### TO DO
The entries must be set down again word for word; no pictures belong in the copy.

[Image-caption web data]
=======

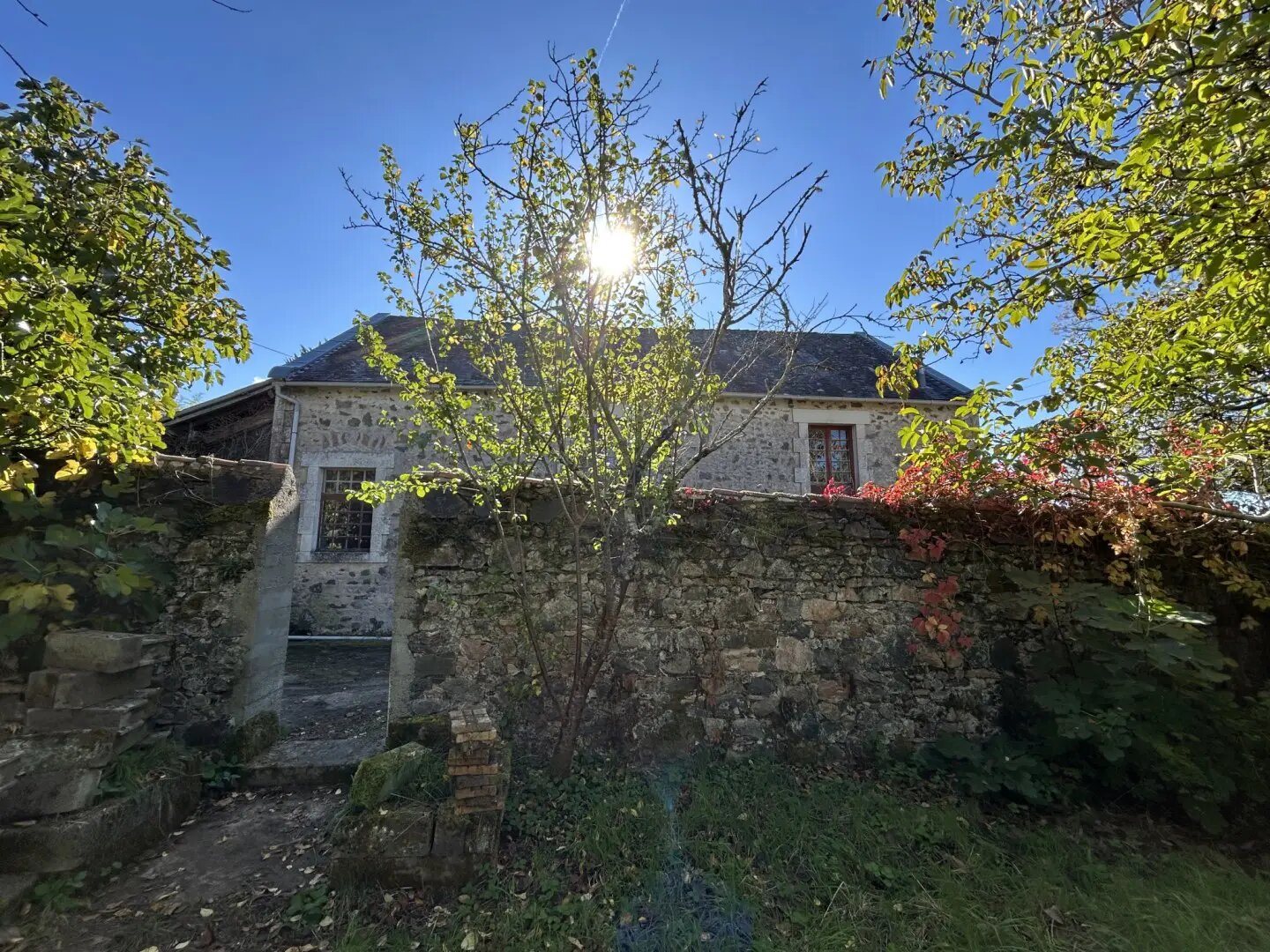 Maison à vendre, 133m², Asnières-sur-Blour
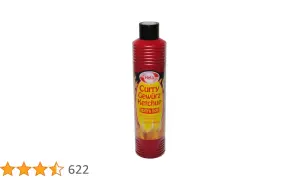 Gdzie kupić ketchup curry Hela? Ceny i dostępność online w Polsce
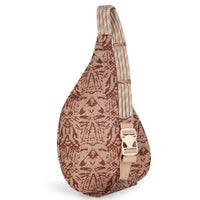 KAVU Women's Rope Bag in mod moth - women's bag - alternate view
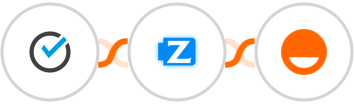ScheduleOnce + Ziper + Rise Integration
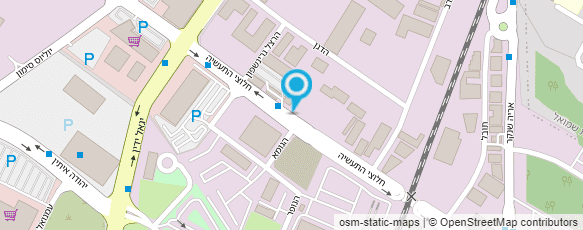 מפת הגעה אל אלבשר סחר מתכות והובלה בע"מ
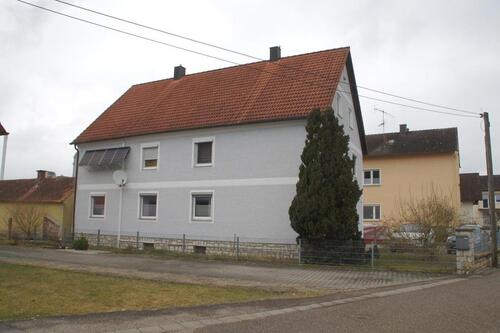 Foto - Mehrfamilienhaus, Wohnhaus zum Kaufen in Burglengenfeld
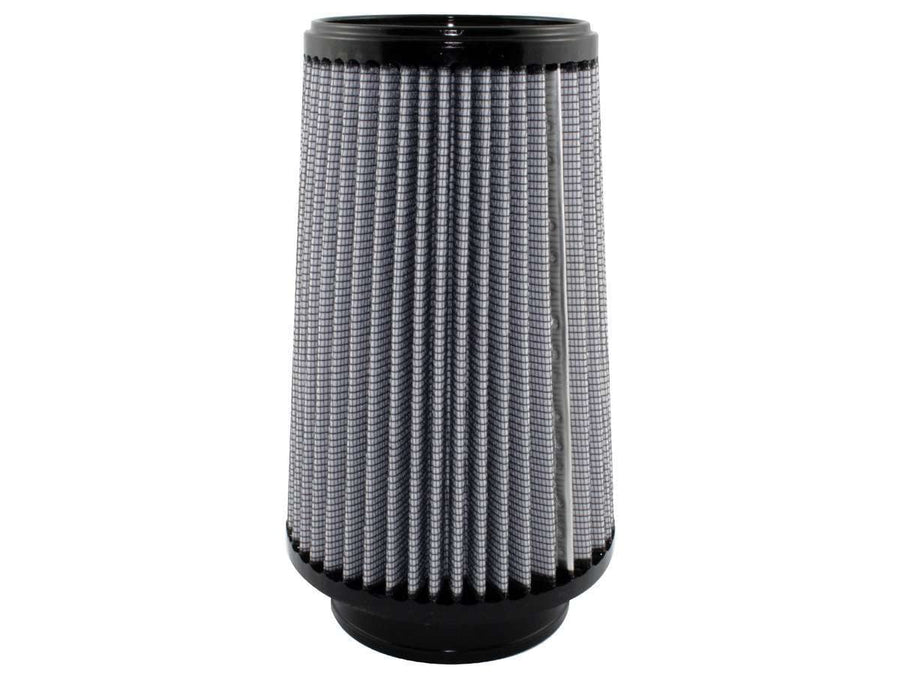 Magnum FLOW aFe POWER Universal Air Filter w/Pro DRY S Media - 4" Inlet, 9" Tall - #21-40035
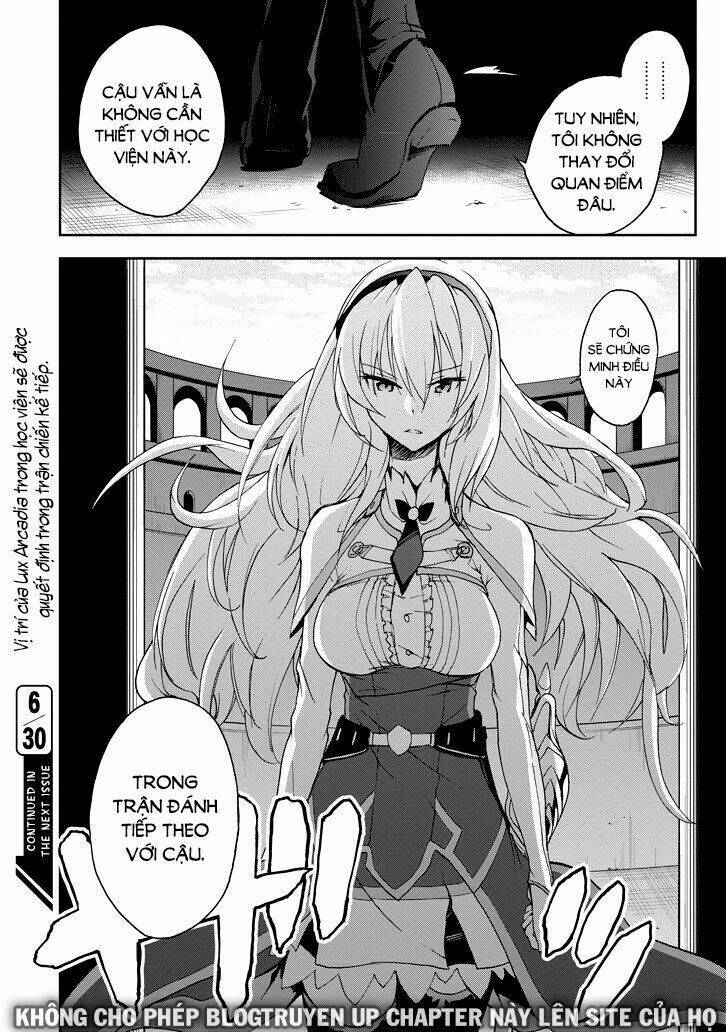 Saijaku Muhai No Shinsou Kiryuu Chương 24 Ảnh 59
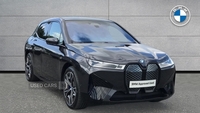 BMW iX xDrive50 M Sport in Armagh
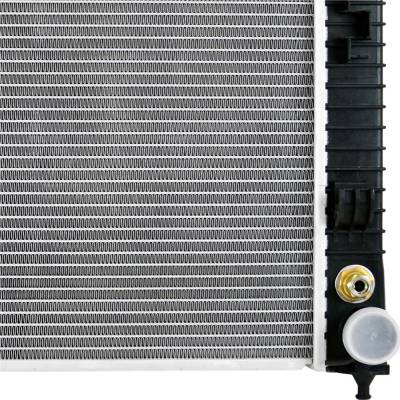 Rareelectrical - New Radiator Compatible With Mercedes-Benz By Part Numbers Cu13027 995003303 8013027 53839 13027 - Image 4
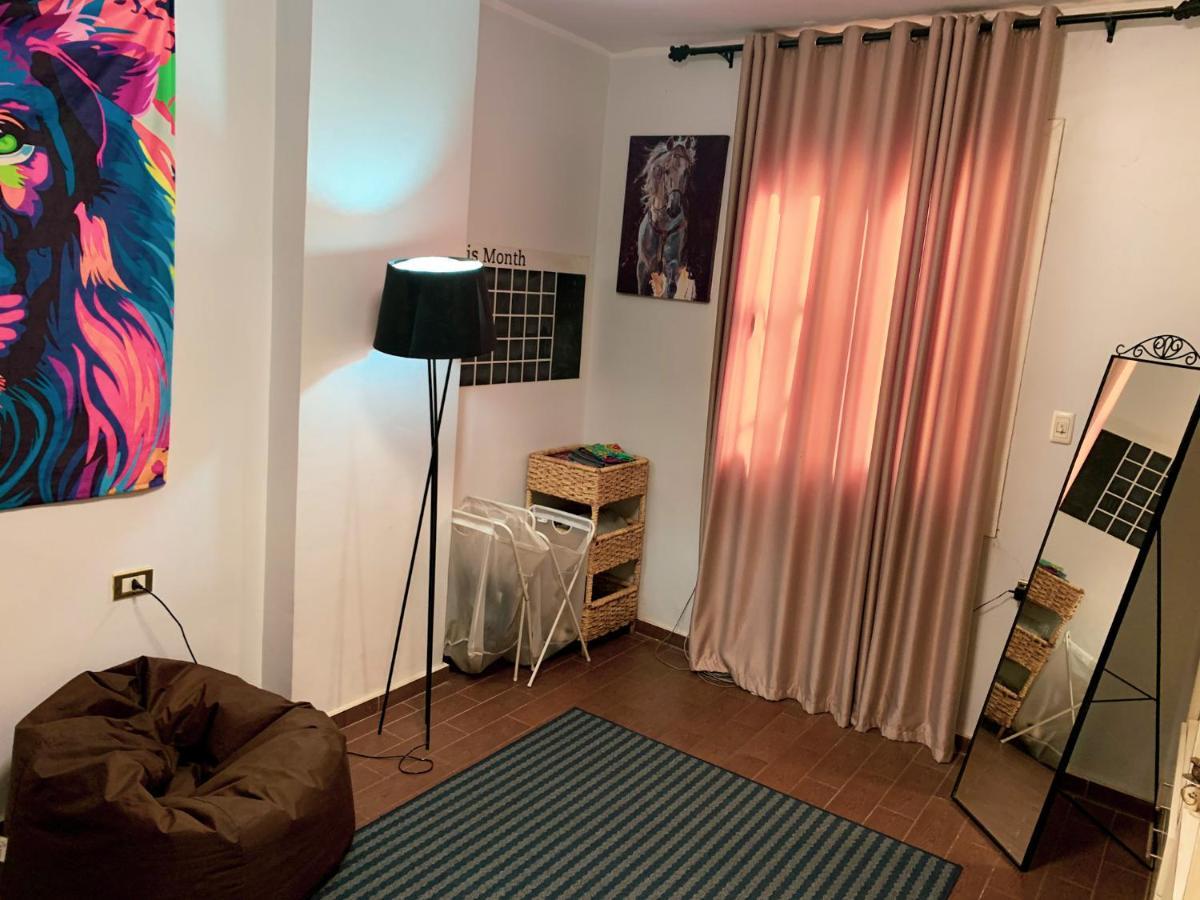 Nile Pyramidal View Apartment Каїр Екстер'єр фото
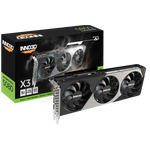 Inno3D GeForce RTX 5080 X3 16GB GDDR7 DLSS4 Tarjeta Gráfica Nvidia Inno3D GeForce RTX 5080 X3 16GB GDDR7 DLSS4 Tarjeta Gráfica Nvidia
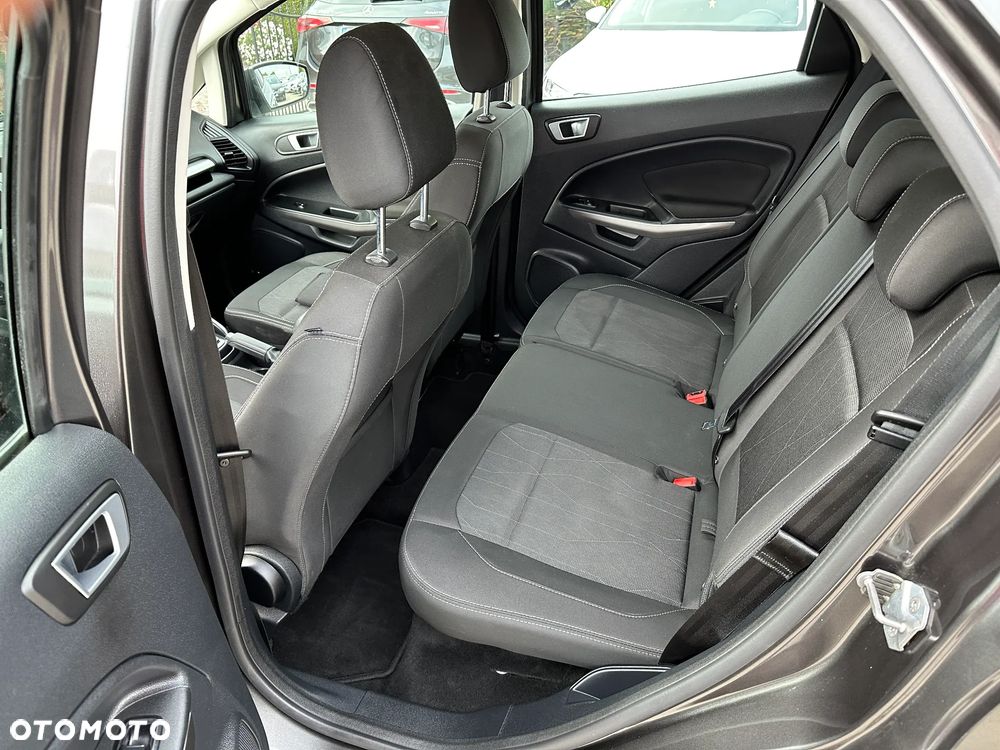 Ford EcoSport - 21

=======

### SOLUTION TO THE PROBLEM
 Maison à vendre, 133m², Asnières-sur-Blour
 Gdzie kupić ketchup curry Hela? Ceny i dostępność online w Polsce
 KAVU Women's Rope Bag in mod moth - women's bag - alternate view
ScheduleOnce + Ziper + Rise Integration
 מפת הגעה אל אלבשר סחר מתכות והובלה בע"מ
 Foto - Mehrfamilienhaus, Wohnhaus zum Kaufen in Burglengenfeld
 Magnum FLOW aFe POWER Universal Air Filter w/Pro DRY S Media - 4" Inlet, 9" Tall - #21-40035
 Saijaku Muhai No Shinsou Kiryuu Chương 24 Ảnh 59
 BMW iX xDrive50 M Sport in Armagh
 Rareelectrical - New Radiator Compatible With Mercedes-Benz By Part Numbers Cu13027 995003303 8013027 53839 13027 - Image 4
 Nile Pyramidal View Apartment Каїр Екстер'єр фото
 Inno3D GeForce RTX 5080 X3 16GB GDDR7 DLSS4 Tarjeta Gráfica Nvidia Inno3D GeForce RTX 5080 X3 16GB GDDR7 DLSS4 Tarjeta Gráfica Nvidia
 Ford EcoSport - 21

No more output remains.